Viewed from this perspective, the “change of government” (proclaimed by the DPJ) has, in fact, already come to an end.

The coalition government formed by the Party that Listens to Organizations, which was in power for many years, and the Japan Bureaucracy Party handed over control of the government last summer, but it quickly made a comeback even before the upper house elections.

Of course there were no policy disputes in the upper house election.

Of these four parties, the least influential is the Serious Politicians. The reason is simple: It is far more advantageous in elections to take the position of the Party that Listens to Organizations or the Dreamland Party. Therefore, more than a few people drift into one of these parties, even if they have the temperament or the vision of a Serious Politician. As long as they are in the minority, however, politics will not improve regardless of the political realignments that occur.

Is it not possible to achieve a politics in which people with different philosophies conduct policy debates and the Serious Politicians conducting those debates over party lines account for most of the people in political circles?

The gridlock between the two houses would be a way to achieve that.
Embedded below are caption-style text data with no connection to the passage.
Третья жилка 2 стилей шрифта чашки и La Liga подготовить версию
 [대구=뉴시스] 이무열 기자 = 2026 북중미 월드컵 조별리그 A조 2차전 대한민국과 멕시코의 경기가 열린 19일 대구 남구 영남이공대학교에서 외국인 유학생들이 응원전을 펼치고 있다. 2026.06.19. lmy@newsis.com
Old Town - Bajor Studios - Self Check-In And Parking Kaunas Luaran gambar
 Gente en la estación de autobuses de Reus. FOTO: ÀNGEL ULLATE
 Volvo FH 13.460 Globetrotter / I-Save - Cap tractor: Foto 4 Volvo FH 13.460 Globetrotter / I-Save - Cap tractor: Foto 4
Use the gridlock as a lever to generate serious policy debate among the parties. If policy disputes are revealed to the public through debate, the good and the bad of each party’s policies will become apparent of themselves. This will expose the parties and their members that cannot withstand policy disputes, and enable everyone to see who is a Serious Politician.

(end translation)

*****
Chief Cabinet Secretary Sengoku Yoshito is taking a “live it or live with it” approach to gridlock. He said on the 26th in Tokyo:

This situation will not change for six years. Regardless of who is in government, they must manage government affairs with the premise that gridlock will not change….Different alliances, coalitions, and groupings will emerge through policy debate, as long as they are not considered “unholy alliances”.

Mr. Sengoku has dropped hints of a grand coalition with the LDP, an idea the LDP says it does not intend to entertain. Let’s hope they stick to that decision. Those two parties as presently constituted locked in loveless embrace to govern Japan would be the equivalent of a person with cholesterol-clogged arteries deciding that a diet of sausage, French fries, and bagels and cream cheese would be the royal road to health.